Love beer, but would love to taste something local?
You now have an opportunity to taste North Bay's only craft brewery as Cecil's on Main Street launched it's operation today.
"We're now pouring fresh made in-house beer," said owner John Lechlitner proudly. "As of today we're officially a brew house. We've got our IPA (India pale ale), our lager, our light lager and American style wheat beer."
The beer has been developed with local tastes in mind, and to help, Lechlitner hired brewmaster Brian Watson
“Brian is one of the foremost authorities when it comes to brewing excellent beer and is known as one of the world’s most celebrated Brewmasters.” said Lechlitner. “Brian has earned more than 50 international medals and has judged World Beer Cup competitions in the US as well as the New Zealand Beer Awards and the Australian Awards.”
Watson is more than a beer expert, he is a beer lover and certified Brewmaster who has high praise for North Bay's water supply.

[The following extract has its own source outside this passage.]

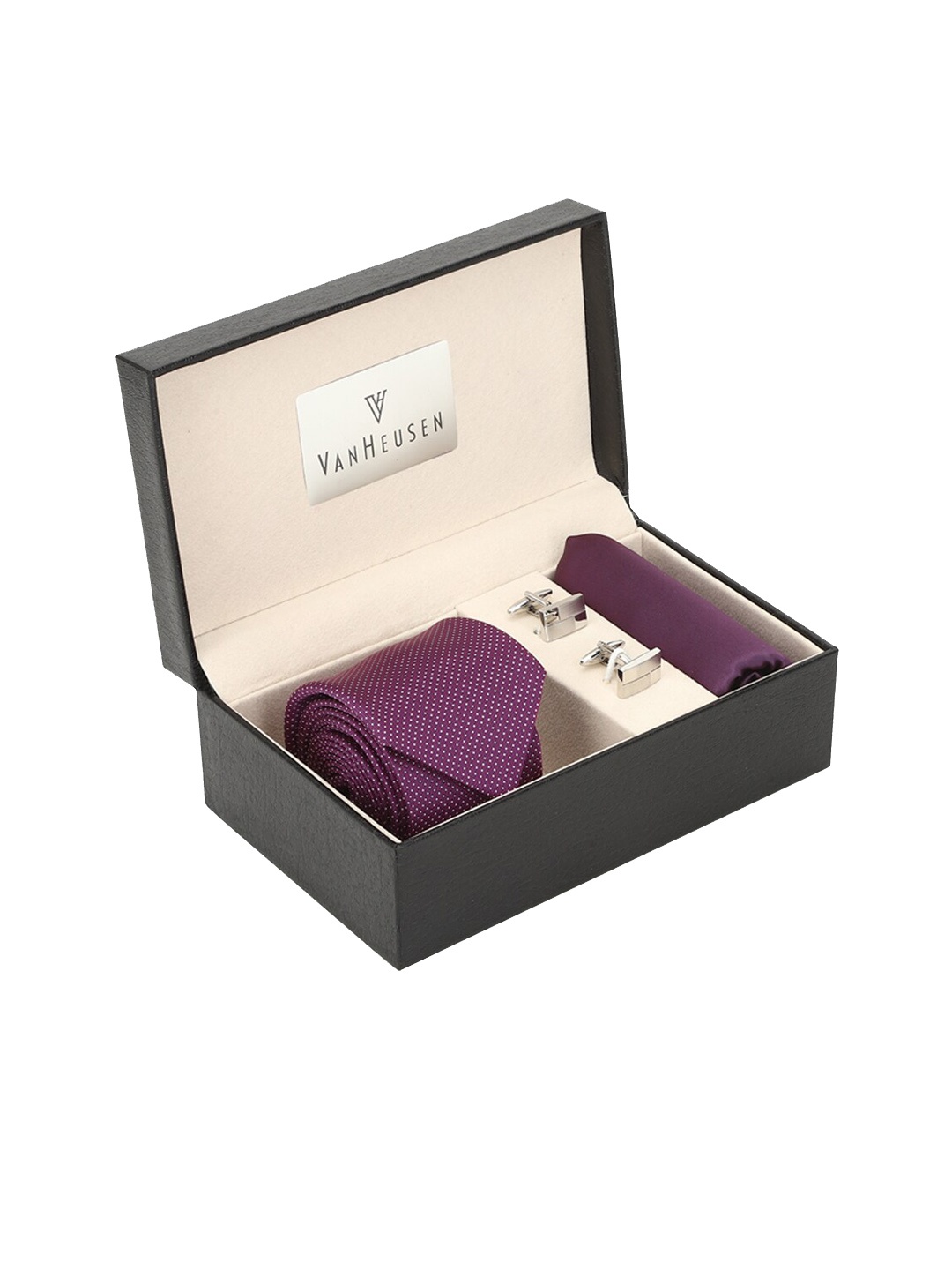 

Van Heusen Men Purple & Silver -Toned Accessory Gift Set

"It's quite unique water here, very, very soft," he told BayToday. "We filter it to take the chlorine out, but it's a very important part of the beer --- 95 percent --- so it's critically important. When I saw the water analysis from Trout Lake I said ' Wow! This is amazing water for making lagers. It's some of the best in the world."
A lot of effort went into making beers that will appeal to people from this area.
"We can't be having big, ballsy IPA's and hops coming out the wazoo. We want an approachable beer, beers that people can come in and have a beer they're not frightened by, not too many hops in it. So the lager and light lager are designed for the consumer that wants to come to a craft brewery that has beer they can enjoy. We need to take them on a journey, but we need to take them very carefully on that journey."
Brewmaster Brian Watson fostered his passion for beer by travelling the world to learn and experience as much as possible about the history and culture of beer globally. Photo by Jeff Turl.
Watson used his IPA beer as an example.
"We're using IPA to introduce people to one of the great beers styles of the world. But we haven't gone to a big IPA, we've gone for a 5.8 percent alcohol and 40 bitterness units rather than a 9 percent alcohol and 70 bitterness units, so we've got real approachability."
International bitterness units is a standardized measurement synonymous with IPA and provides some insight into how bitter a given IPA will taste.
Lechlitner smiles as he's asked how he feels about the final product.
"The reactions we got this morning from the first people that have tasted it, I think we nailed it bang on."